For floors, visibly soiled areas must be cleaned using a new or freshly laundered mop head and EPA-registered, hospital-grade germicidal agent. Unless the germicidal agent is changed after each use, the mop head should be immersed into the solution only when it is clean and before the mopping action begins. Soiled or used mop heads should not be re-dipped into the germicidal solution. If re-dipping is deemed necessary, the solution should be thrown away and fresh solution prepared for continued mopping. Soiled mop handles should also be cleaned with the germicide or discarded. For end-of-procedure cleaning of floors, it is only necessary to clean a three- to four-foot perimeter around the surgical field when visibly soiled. The area cleaned should be extended to adjacent visibly soiled areas and the OR table should be moved to check for items such as sponges or instruments that may have been dropped.

For daily terminal cleaning, the entire floor should be cleaned including the area under the OR bed. Disposable items contaminated with blood and/or tissue must be considered biohazard trash meaning, that which would release infectious materials in a liquid or semi-liquid state if compressed, or caked with dried blood or OPIM. Biohazard containers should be closable, leak-proof containers or bags that are color-coded, labeled, or tagged for easy identification and transported in washable carts or vehicles.

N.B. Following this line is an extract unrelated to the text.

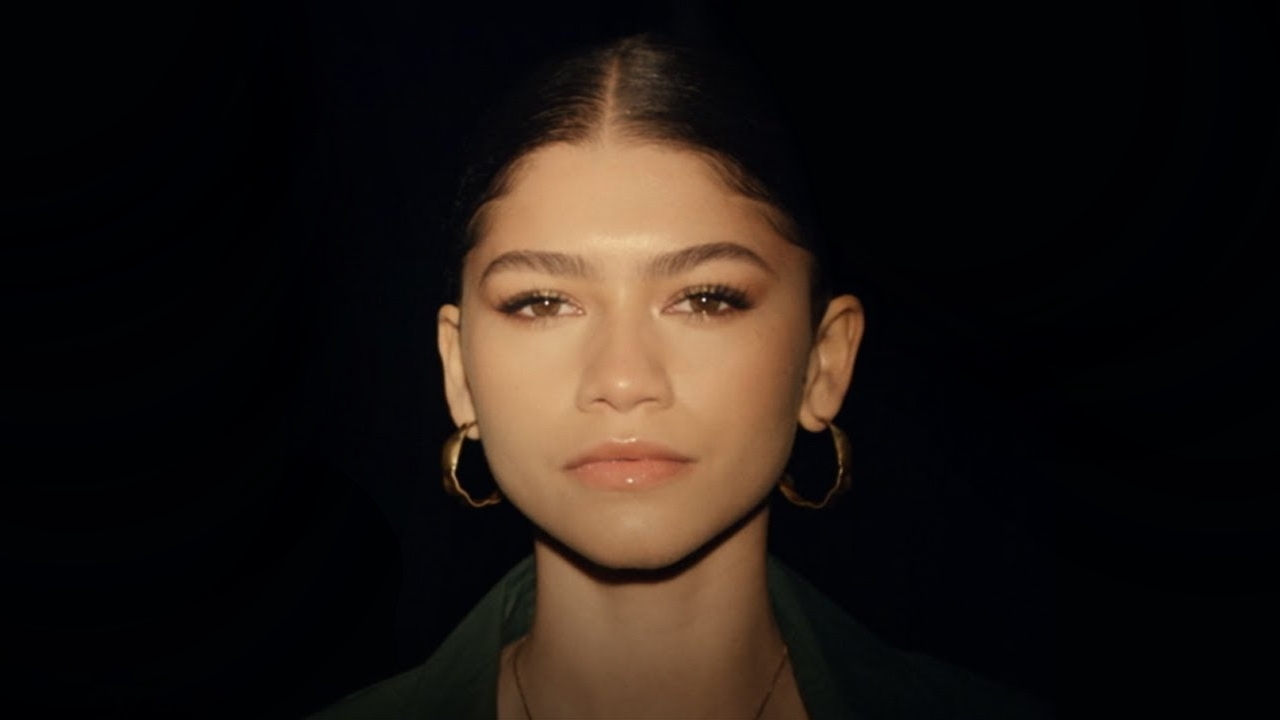 Zendaya toont een vreemd lichaamsdeel: Vertelt het verhaal achter de iconische borstplaat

State regulations for transport and disposal or regulated waste should be consulted.

All used, disposable sharps are considered infectious waste and placed in designated puncture resistant containers to prevent staff from the potential of a puncture injury that would expose them to potentially infectious microorganisms. If a re-useable system is used, the contents should be disposed of according to local, state and/or federal regulations and engineering controls and PPE should be used to protect the employee if they are required to conduct the emptying, cleaning and disinfecting of the equipment. The same applies for contaminated instruments, basins, trays and other items.

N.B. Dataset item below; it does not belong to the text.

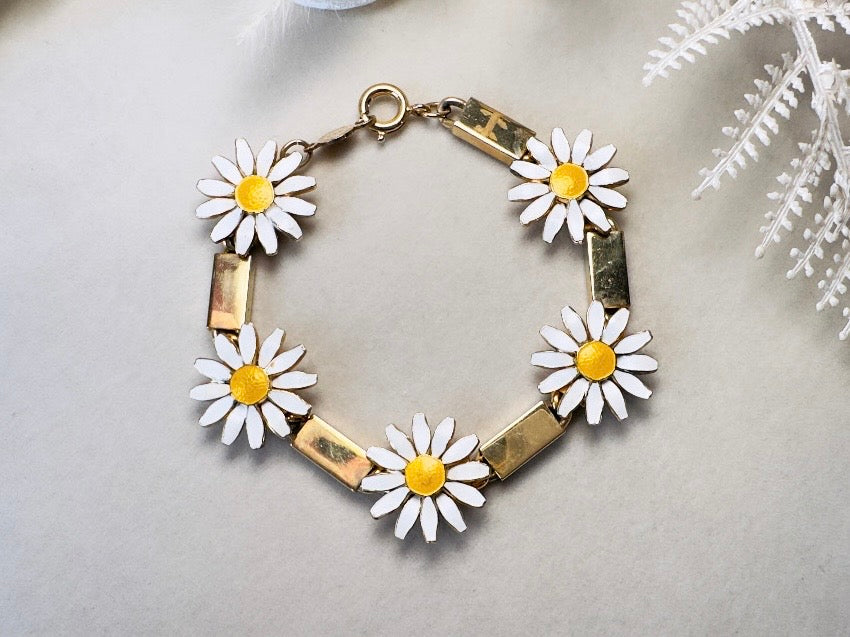 Daisy Link Bracelet, 70s Accessocraft Gold Plated Vintage Bracelet with White and Yellow Enamel Flowers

Recommended Practice IV states that surgical procedure rooms and scrub/ utility areas should be terminally cleaned daily. ORs in which procedures may be performed regardless of use, should be terminally cleaned once every 24-hour period during the regular work week. Areas and equipment to be cleaned with an EPA-registered agent include: surgical lights and external tracks, fixed and ceiling mounted equipment, all furniture including wheels, casters step stools, kick buckets, foot pedals, telephones and light switches, hallways and floors, handles on cabinets and push plates, ventilation faceplates all horizontal surfaces, sub-sterile areas, and scrub sinks. It is further recommended that scrub sink soap dispensers be single-use. OR floors should be wet-vacuumed with the appropriate EPA-registered, hospital-grade disinfectant after the last scheduled procedure of the day and at least once during a 24-hour period.

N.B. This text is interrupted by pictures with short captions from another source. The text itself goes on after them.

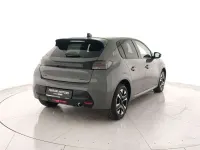 Usata Peugeot 208 Allure 101 CV (74 kW) 2025 Grigio selenium metallizzato Utilitaria
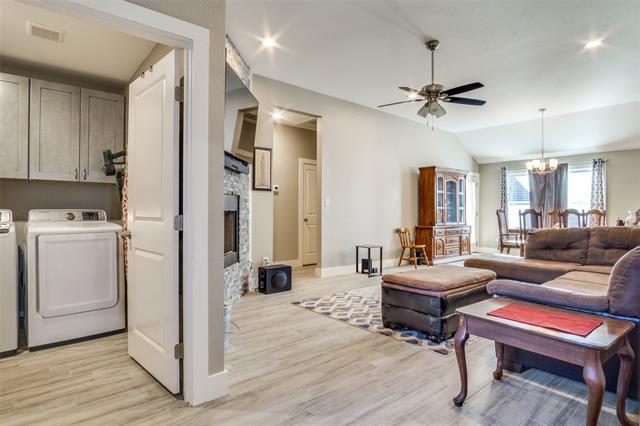 Building Photo - 2621 White Rock Dr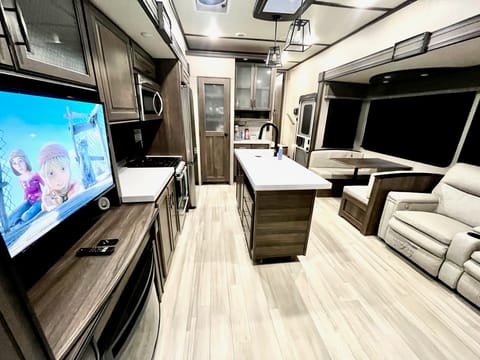 2021 Solitude 40 - Rate includes Delivery and Insurance* Towable trailer in New Braunfels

Recommended Practice V states that all areas and equipment in the surgical practice setting should be cleaned according to an established schedule. These areas include ducts and filters, HVAC equipment, closets cabinets and shelves, storerooms, ice machines walls, ceilings, offices, lounges lavatories and locker rooms. It is important that the Environmental Services department and the OR management team determine and agree to an established schedule for these areas. Recommended Practice VI, related to policies and procedures for environmental cleaning, states that the policies and procedures should be written, reviewed annually, and readily available in the surgical practice setting.

Utilizing the AORN Recommended Practices as a guideline for the initial development of the policies and procedures establishes authority, responsibility and accountability and serve as the operational guidelines for a strong partnership between environmental services and surgical services. They also help to ensure a clean and safe surgical environment for the patients and staff, as a means to facilitate positive patient outcomes.